Slavery North invites you to the first in our series of eight Fellow Talks in Spring 2026. PhD candidate in History, Tim Hastings, shares his archival research using court records to illuminate the lives of enslaved people in seventeenth and eighteenth-century New Hampshire.
This hybrid talk is open to students, faculty, staff, and members of the public.
Date/Time: Thursday, March 5, 2026, 2:30-3:30 PM (EDT)
Location: Room 601, Herter Hall, 161 Presidents Drive, UMass Amherst, Amherst, MA 01003
Online via Zoom:
https://umass-amherst.zoom.us/j/94788067012
Meeting ID: 947 8806 7012
Speaker: Tim Hastings, Graduate Student Fellow, 2025-26
Moderator: Dr. Martha McNamara, Associate Professor of Public History & Associate Director Slavery North
Lecture: Slavery, Community, and the Law in Colonial New Hampshire

Lecture abstract: Using court records, this presentation examines the history of slavery in seventeenth and eighteenth-century New Hampshire. Court records not only illuminate the complex relationship that enslaved people often had with colonial legal systems but also help us understand their social worlds and communities.

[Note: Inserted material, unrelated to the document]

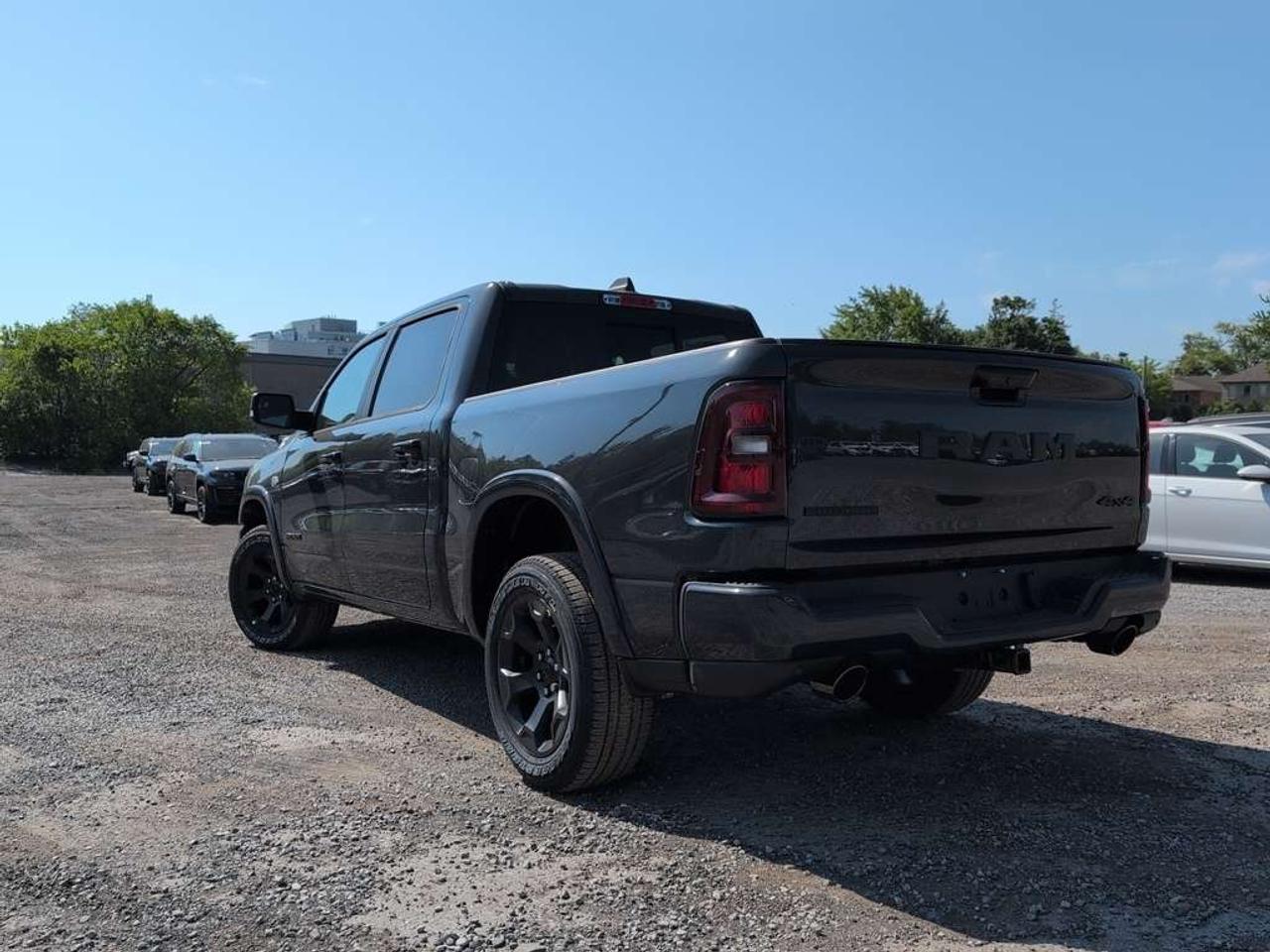 2026 RAM 1500 BIG HORN | Level 2 | HEMI | Pano Roof | NIght Pkg Photo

Bio: Tim Hastings is a PhD candidate in the History Department at the University of Massachusetts Amherst studying early American history, public history, and Atlantic World slavery and the African Diaspora. His research focuses on histories of slavery in northern New England, focusing on New Hampshire. He has received research fellowships through Historic Deerfield, the Massachusetts Historical Society, and the New England Regional Fellowship Consortium (NERFC). Recently, he was a Study Center Research Fellow with Historic New England examining laborers, workers, and domestic servants connected to Langdon House in Portsmouth, New Hampshire.